GIVEN MATERIAL =
--------------------------------------------------
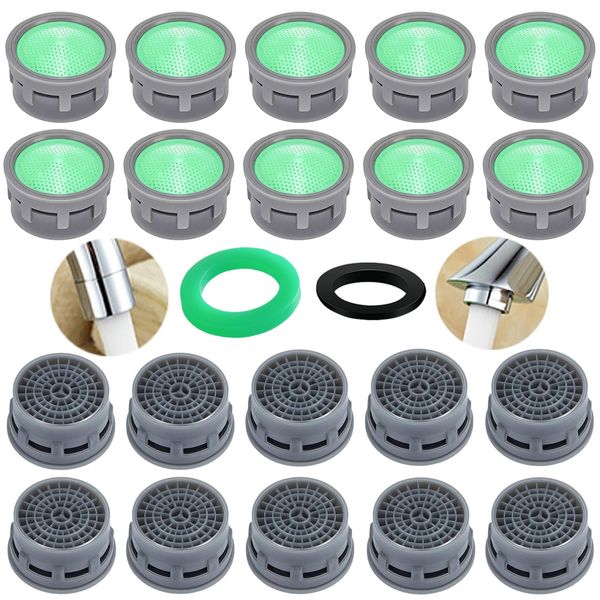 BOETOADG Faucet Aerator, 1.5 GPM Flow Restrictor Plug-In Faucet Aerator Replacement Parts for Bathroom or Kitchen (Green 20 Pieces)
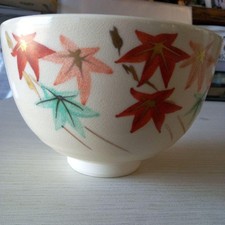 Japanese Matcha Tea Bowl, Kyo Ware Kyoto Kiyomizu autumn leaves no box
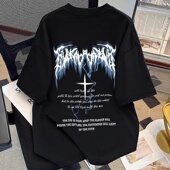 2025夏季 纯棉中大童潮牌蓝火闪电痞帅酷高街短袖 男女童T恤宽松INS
--------------------------------------------------
WORK TO BE COMPLETED = Full transcription of the material, exact in every line, without images.

RESPONSE TO THIS TASK =
 BOETOADG Faucet Aerator, 1.5 GPM Flow Restrictor Plug-In Faucet Aerator Replacement Parts for Bathroom or Kitchen (Green 20 Pieces)
 Japanese Matcha Tea Bowl, Kyo Ware Kyoto Kiyomizu autumn leaves no box
 2025夏季 纯棉中大童潮牌蓝火闪电痞帅酷高街短袖 男女童T恤宽松INS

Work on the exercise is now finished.